You get a knock at the door. A union organizer demands you sign a card, to unionize your company. You inform them, this is not what you want. Then you are informed everyone will know you hate the union and your fellow workers. You are told storing of being isolated, tires slash (“we would never do that”) and promotions will end. You bowling buddies will no longer talk to you. You cave and sing—then you find out the union owns your paycheck, you work when the union allows you to work. You can be on strike for days and weeks, because the union will not allow you to work. That is what the “card system” is about.
“Last year the ALRB announced that UFW submitted 327 authorization cards for employees at the Wasco facility. With Wonderful employing around 600 people there, UFW had a majority.
- But around 150 Wonderful employees came out and told the ALRB that they did not understand that the cards they were signing at the time were to unionize. They also accused UFW of using $600 in federal relief to fraudulently bait them into signing the cards.
The big picture: The group of Wonderful employees have joined a federal lawsuit filed by Wonderful Nurseries against the ALRB to challenge rules that have led to UFW becoming the monopoly bargaining unit on behalf of the employees.”
No election. Fraud in getting you to sing. That is how the modern union in California operates—with the support of the State government. Hopefully the Trump Labor Department will indict these unions and union leaders. Close down corruption by the unions.
Employees want to join Wonderful’s lawsuit challenging Calif.’s union-friendly Ag law
United Farm Workers submitted cards to the state last year for employees at Wonderful Nurseries, becoming the monopoly bargaining power.
by Daniel Gligich, The Sun, 2/5/25 https://sjvsun.com/ag/employees-want-to-join-wonderfuls-lawsuit-challenging-calif-s-union-friendly-ag-law/
Employees at Wonderful Nurseries in Wasco are hoping to intervene in a federal lawsuit to fight against a California law that they say would force them under United Farm Workers.
A group of 20 employees of the company’s Wasco facility filed a motion to intervene in the lawsuit after UFW conducted a card check unionization campaign last year.
Driving the news: In 2022, the California Gov. Gavin Newsom signed Assembly Bill 2183, known as the card check law, which allows farmworkers to unionize by signing cards-offsite rather than via state-supervised elections.
- Unions have the power to not notify employers of their actions due to the law.
- Once enough authorization cards have been signed, unions are able to file petitions with the California Agricultural Labor Relations Board (ALRB) and the employer.
Flashback: Last year the ALRB announced that UFW submitted 327 authorization cards for employees at the Wasco facility.

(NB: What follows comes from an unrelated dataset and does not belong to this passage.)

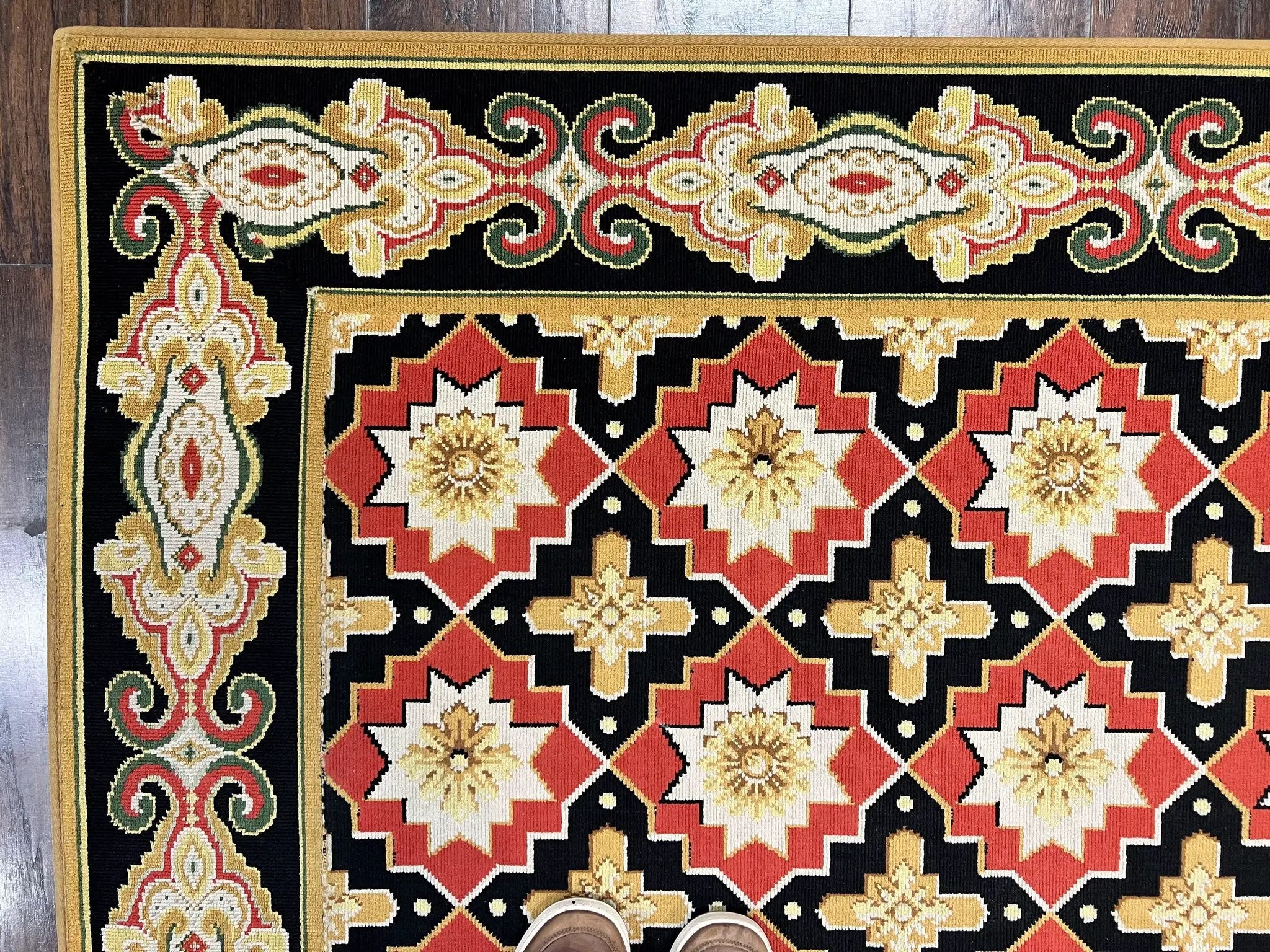 Runner Rug 4x19, Panel Design Rug, Custom Made Stark Runner Carpet, Wool, Vintage 4 x 19 Hallway Rug, European Design, Red Black Ivory Tan by Jewel Rugs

With Wonderful employing around 600 people there, UFW had a majority.
- But around 150 Wonderful employees came out and told the ALRB that they did not understand that the cards they were signing at the time were to unionize. They also accused UFW of using $600 in federal relief to fraudulently bait them into signing the cards.
The big picture: The group of Wonderful employees have joined a federal lawsuit filed by Wonderful Nurseries against the ALRB to challenge rules that have led to UFW becoming the monopoly bargaining unit on behalf of the employees.
- Wonderful claims in the lawsuit that UFW agents fraudulently obtained the authorization cards from employees.
- Further, the group of 20 employees also filed a proposed intervenors’ complaint regarding rights they say were violated by the ALRB.
What they’re saying: [T]he Employees seek this Court’s immediate intervention to protect their fundamental liberty interests, especially their freedom of association between and amongst themselves, and with their employer, and their rights to be free from State-compelled monopoly representation by a labor organization not legitimately chosen by a majority of employees, and from State-mandated payment of union dues or fees,” the lawsuit reads.
- Wonderful Nurseries employee Claudia Chavez said in a statement that UFW officials deceived the employees in order to gain power.
- “Instead of just letting us vote in secret on whether we want a union, they went around lying and threatening to get cards and now are cracking down on anyone who speaks out against the union,” Chavez said.